Error handling for I/O memory management units

Posted Aug 25, 2014 5:47 UTC (Mon) by jzbiciak (guest, #5246)
In reply to: Error handling for I/O memory management units by neilbrown
Parent article: Error handling for I/O memory management units

I have a related question. What is meant by "error"?

If a device (CPU or anything else) asks an MMU for a virtual to physical address translation for a given read or write, the MMU can report back a fault. However, the request itself may not have been an actual error. Rather, the fault could have arisen for many other reasons, including:

The page may have been unmapped by the OS but still resident. The fault informs the OS that it's still active. (A so-called minor fault.)
The page may have been marked read-only (because it's shared or clean) but the device requested to write, so the OS needs to mark it dirty and possibly perform a COW. (Another sort of minor fault, I believe.)
The page may have been paged out. (A major fault, but still not an error.)
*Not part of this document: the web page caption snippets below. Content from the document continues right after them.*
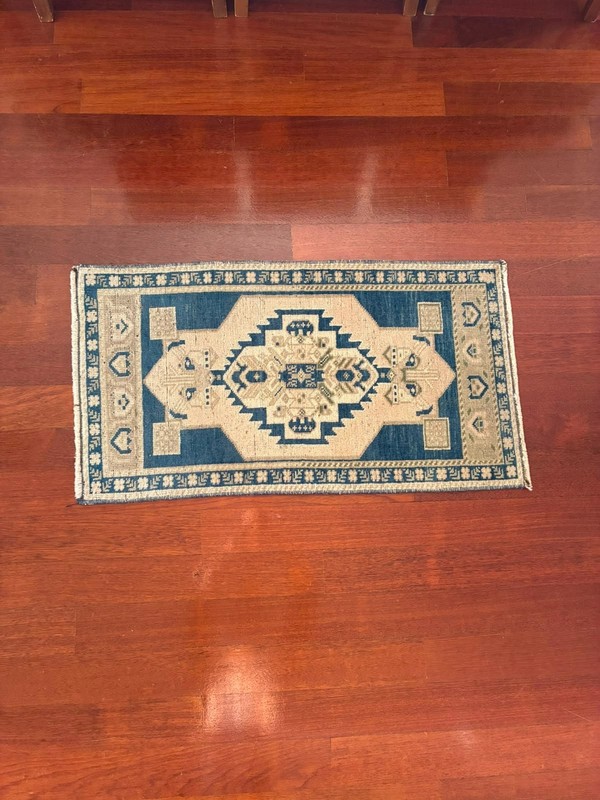 Vintage Oushak 2x3 Small Rug Blue Cream Beige Hand Knotted Turkish Wool Door Mat gallery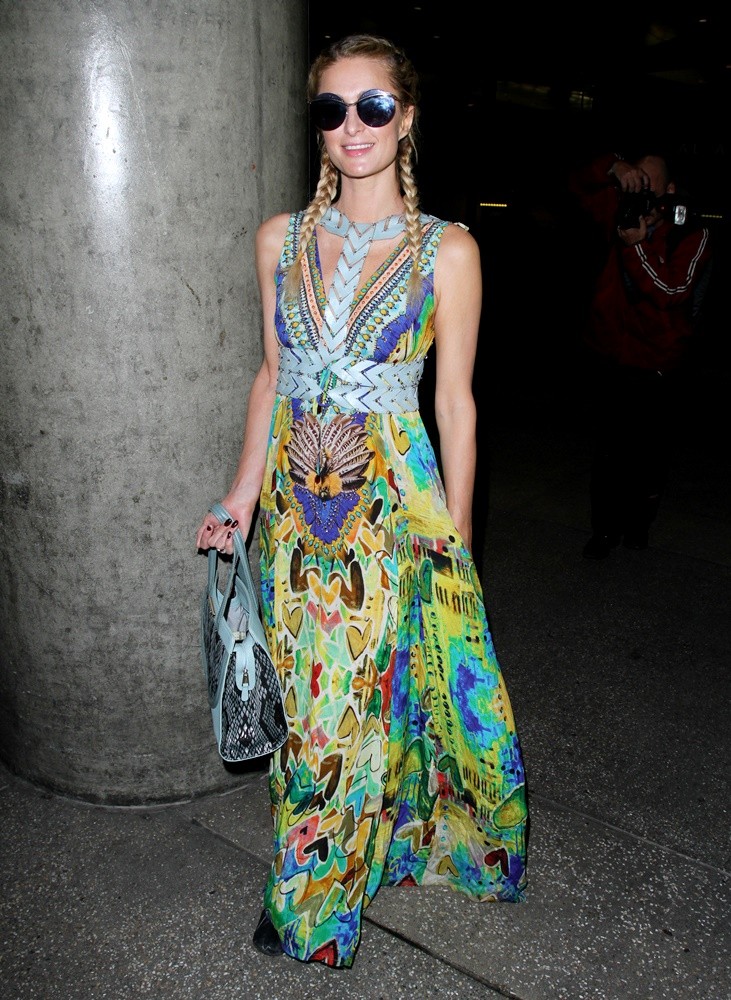 Paris Hilton Arriving Into Los Angeles International Airport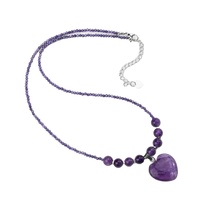 Collier en cristal de pierres précieuses naturelles polies en forme de cœur, améthyste et quartz rose, pour femmes, bijoux décoratifs, vente en gros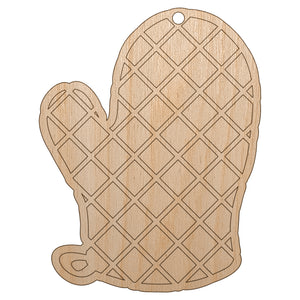 Oven Mitt Unfinished Craft Wood Holiday Christmas Tree DIY Pre-Drilled Ornament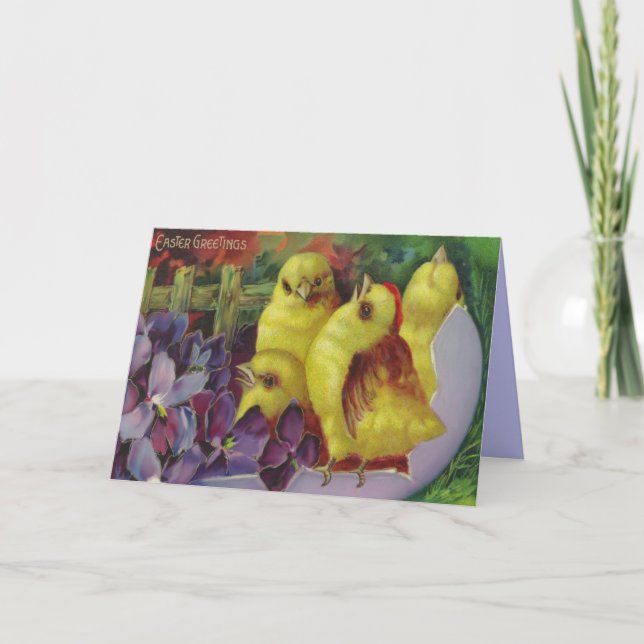 Easter Chick Greetings Holiday Card (Front)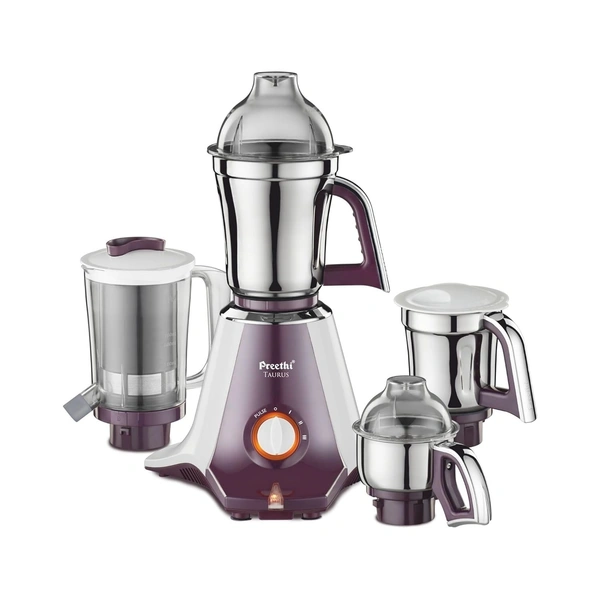 Preethi Taurus MGA 217 mixer grinder 750 Watt (White/Dark Violet), 4 Jars - 3 in 1 Insta fresh juicer Jar, Vega W5 motor with 5yr Warranty & Lifelong Free Service  MG-217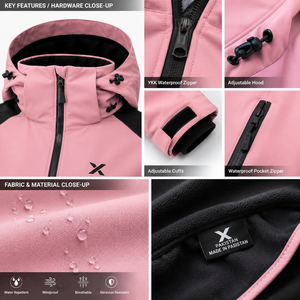 เสื้อแจ็คเก็ตซอฟต์เชลล์มีฮู้ดสำหรับผู้หญิง X Sports City ปิดด้วยซิป สีพื้น กันลม กันน้ำ 10,000 มม. บุขนแกะ - Product Image 5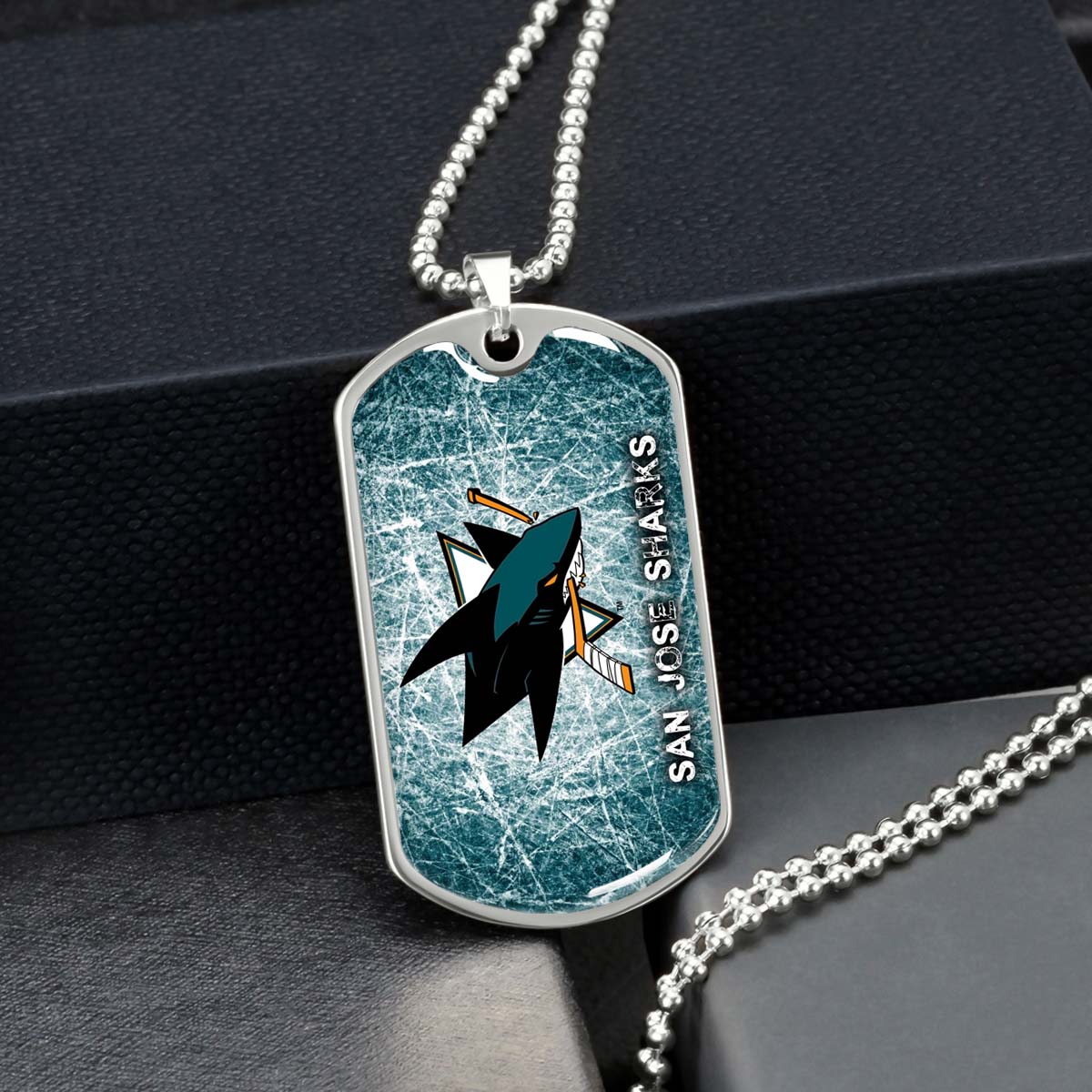 Hockey Dog Tag Necklace - HKD010 - San Jose Sharks - Fierce Hockey Spirit on Ice - Military Ball Chain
Are these situations considered errors or not? This comment in particular made me wonder:

David pointed out that with some devices, graphics adapters in particular, users do not want the device to stop even in the presence of an error. One command stream may fault and be stopped, but others running in parallel should be able to continue. So a more subtle response is often necessary.

Is that so that the kernel can service a page fault for a given task, or is it the more general situation that you don't want the entire display system brought down by an errant task? (It seems like the latter would be pretty key baseline functionality. The former, though, is something I believe AMDs Kaveri was promising.)

So does "error" in this article mean "faults that would result in SIGSEGV or similar if a userland CPU task did it", or "faults that corresponds to minor/major page faults in an otherwise behaving userland CPU task, in addition to those which would cause SIGSEGVs?"

Error handling for I/O memory management units

Posted Aug 25, 2014 8:43 UTC (Mon) by cladisch (✭ supporter ✭, #50193) [Link] (6 responses)

DMA is always done from/to buffers that have been allocated or locked by the device driver.

With DMA, there is no such thing as a minor fault; any IOMMU fault is the result of a bug in the OS/driver or in the hardware.

Error handling for I/O memory management units

Posted Aug 25, 2014 9:22 UTC (Mon) by Cyberax (✭ supporter ✭, #52523) [Link] (5 responses)

We now have GPUs that can access the system RAM, and it's certainly possible for them to get IOMMU errors while running user space-supplied code.

Error handling for I/O memory management units

Posted Aug 25, 2014 10:19 UTC (Mon) by cladisch (✭ supporter ✭, #50193) [Link] (4 responses)

Allowing userspace to use the GPU to read/write any memory would be a security hole.
The GPU driver checks the command stream for correctness.

Error handling for I/O memory management units

Posted Aug 25, 2014 10:22 UTC (Mon) by Cyberax (✭ supporter ✭, #52523) [Link] (3 responses)

OpenCL supports arbitrary pointer arithmetic. It's impossible to statically check the command stream for correctness.

Error handling for I/O memory management units

Posted Aug 25, 2014 11:49 UTC (Mon) by intgr (subscriber, #39733) [Link] (2 responses)

Does this mean that, if 2 users are both running code on the GPU, they can access and corrupt each other's data?

And without an IOMMU they can access all physical memory?

And Linux 3.15 merged patches to allow GPGPU (OpenCL) access to any unprivileged user by default (via DRM render nodes)?

And no checking could possibly be done of the code being executed?

PLEASE tell me I am misunderstanding something.

Error handling for I/O memory management units

Posted Aug 25, 2014 14:52 UTC (Mon) by jzbiciak (guest, #5246) [Link]

My understanding of the support at least some GPUs provide (whether or not Linux natively leverages it) is that you can provide an MMU context with a particular command stream. There isn't a global mapping table so that the GPU can see the union of mappings across all requestors. Rather, command streams coming from X get checked against an MMU context associated with X, and command streams coming from Y get checked against an MMU context associated with Y.

And within that framework, my understanding is that GPUs can trigger page faults, and that that is not an error. At least, that's what AMD's Kaveri was promising some time ago, and what I've seen in some other vendors' GPU+MMU pitches.

So I repeat my question: Does 'error' in the article refer to page faults in general, or an actual application error?

Error handling for I/O memory management units

Posted Aug 25, 2014 19:21 UTC (Mon) by Cyberax (✭ supporter ✭, #52523) [Link]

As I understand, currently GPUs have access only to some RAM regions, not the whole RAM. Though it's changing with the new modern heterogeneous architectures.

Command buffers are also scheduled to be run exclusively, so that gives _some_ protection. Lots of downsides (you can't run for too long, else you can starve other users) but it's also changing.